Source data
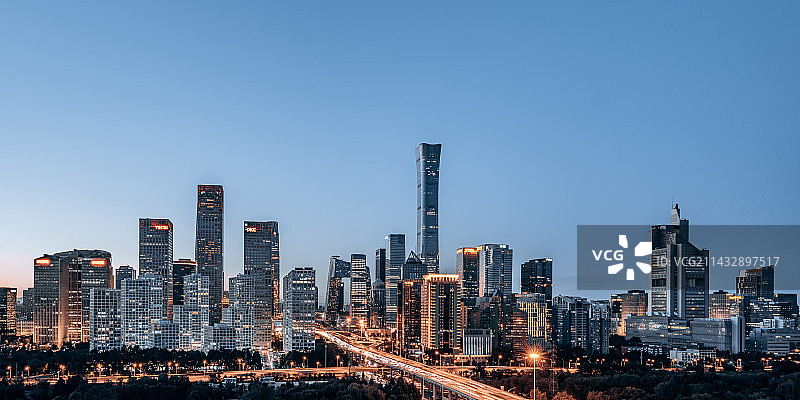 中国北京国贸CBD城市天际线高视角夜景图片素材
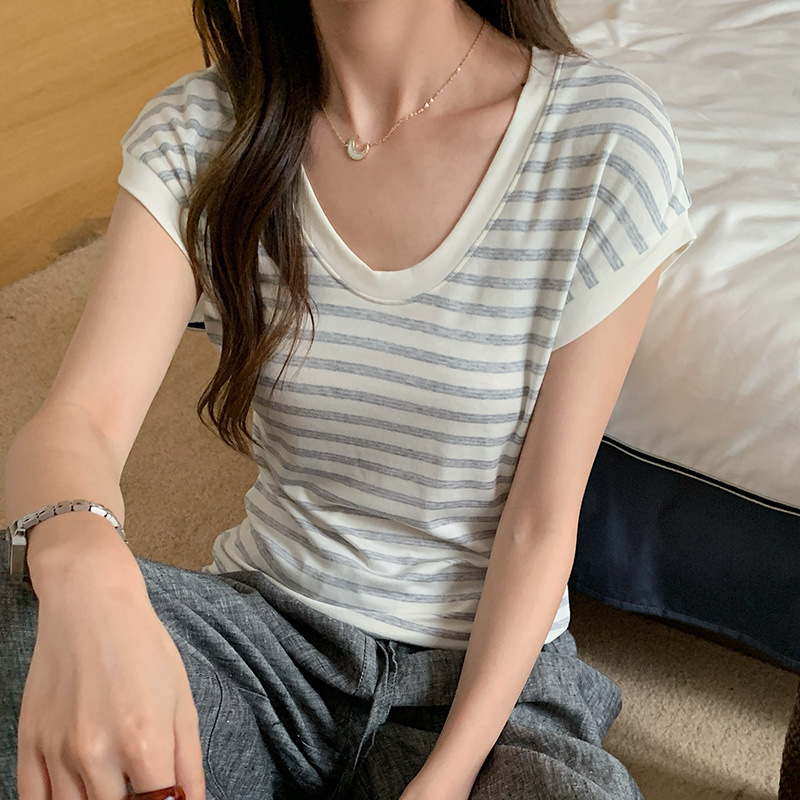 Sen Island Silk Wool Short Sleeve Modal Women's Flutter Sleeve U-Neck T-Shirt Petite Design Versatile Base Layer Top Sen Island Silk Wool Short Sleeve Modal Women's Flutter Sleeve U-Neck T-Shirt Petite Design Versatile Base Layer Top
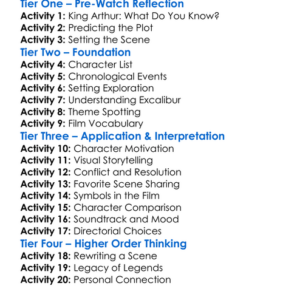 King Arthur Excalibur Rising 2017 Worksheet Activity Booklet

Exercise brief
Copy out the material above in full and exactly; its pictures are not to appear.

Output below
 中国北京国贸CBD城市天际线高视角夜景图片素材
 Sen Island Silk Wool Short Sleeve Modal Women's Flutter Sleeve U-Neck T-Shirt Petite Design Versatile Base Layer Top Sen Island Silk Wool Short Sleeve Modal Women's Flutter Sleeve U-Neck T-Shirt Petite Design Versatile Base Layer Top
 King Arthur Excalibur Rising 2017 Worksheet Activity Booklet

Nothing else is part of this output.